Instead of all these busy little pseudo-psychodramas, Camp might have been about something fresh—the ways in which highly talented kids, despite their rivalries and hang-ups, inspire one another through their love of performing. That’s something we don’t see nearly enough of in Camp. We don’t see any numbers built step-by-step from the ground up, or the exhilaration of young people discovering their burgeoning gifts. On the contrary, most of the kids arrive as fully formed performers; their exhilaration is all about “discovering” their own true selves. Art as a passport to healing may be what audiences are craving these days, but the poultice provided by this movie couldn’t cover a paper cut.
Stephen Frears’s Dirty Pretty Things, though worth seeing, should be better than it is. It’s about illegal immigrants in London so desperate for passports that they undergo surgical removal of their organs, mostly kidneys, for sale on the black market. Frears’s matter-of-fact style is unexploitative; his lead actor, Chiwetel Ejiofor, playing a Nigerian doctor who works as a cabdriver and hotel desk clerk, is a real find. But the bland loveliness of Audrey Tautou, playing opposite him as a Turkish maid at the hotel, doesn’t provide much ballast, and many of the other characters, including a golden-hearted whore, a depraved hotel employee, and a team of immigration officers, are cut from very worn cloth.

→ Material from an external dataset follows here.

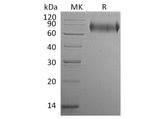 Recombinant Human E-Selectin/SELE Protein (His Tag)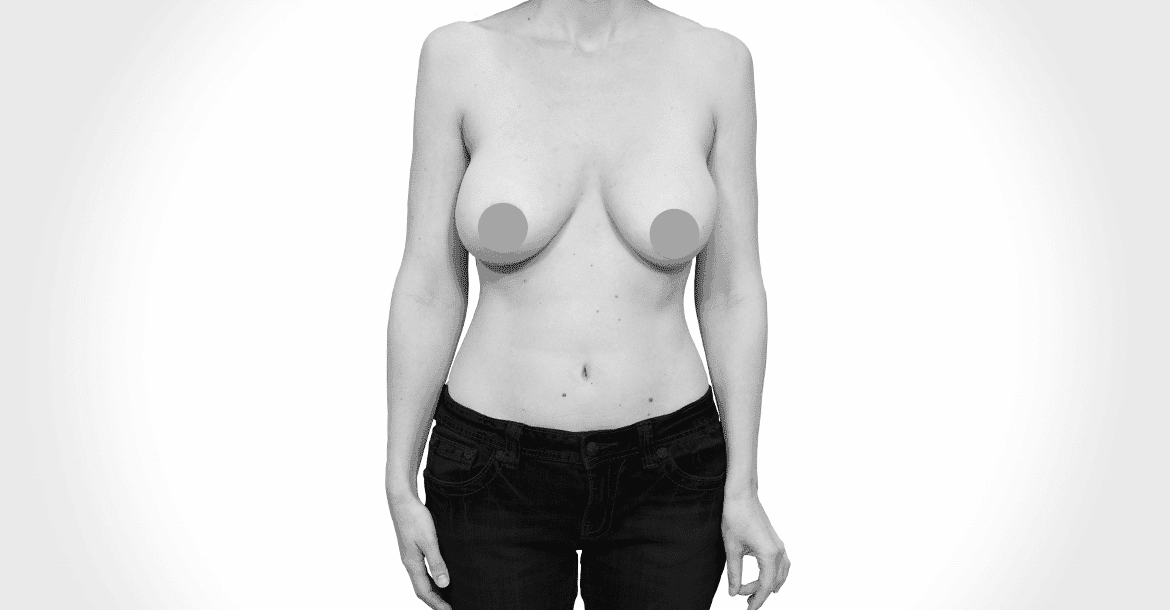 Before- BREAST LIFT + IMPLANT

From Bad Boys to The Rock to Armageddon and Pearl Harbor, the amped-up collaborations of producer Jerry Bruckheimer and director Michael Bay have resulted in some of the most soullessly slick products in the history of movies. Bad Boys II, which reunites Martin Lawrence and Will Smith as Miami narcotics agents, resembles a full-length promo for itself. The action, virtually nonstop, is a series of can-you-top-this? set pieces. Early on, during a high-speed chase, the bad guys release a bunch of cars from the back of a truck in order to smash the pursuing Bad Boys. Later on, there’s a similar scene involving corpses. There are also queasy comedy bits with Lawrence undergoing a bad ecstasy trip, or hiding in a morgue next to a voluptuous stiff. Anything for a cheap laugh or a (not-so-cheap) cheap thrill. Lawrence and Smith fill in the downtime with buddy-buddy badinage, but is this sort of byplay even necessary anymore? In today’s mega–action comedy, any kind of genuine characterization has become vestigial.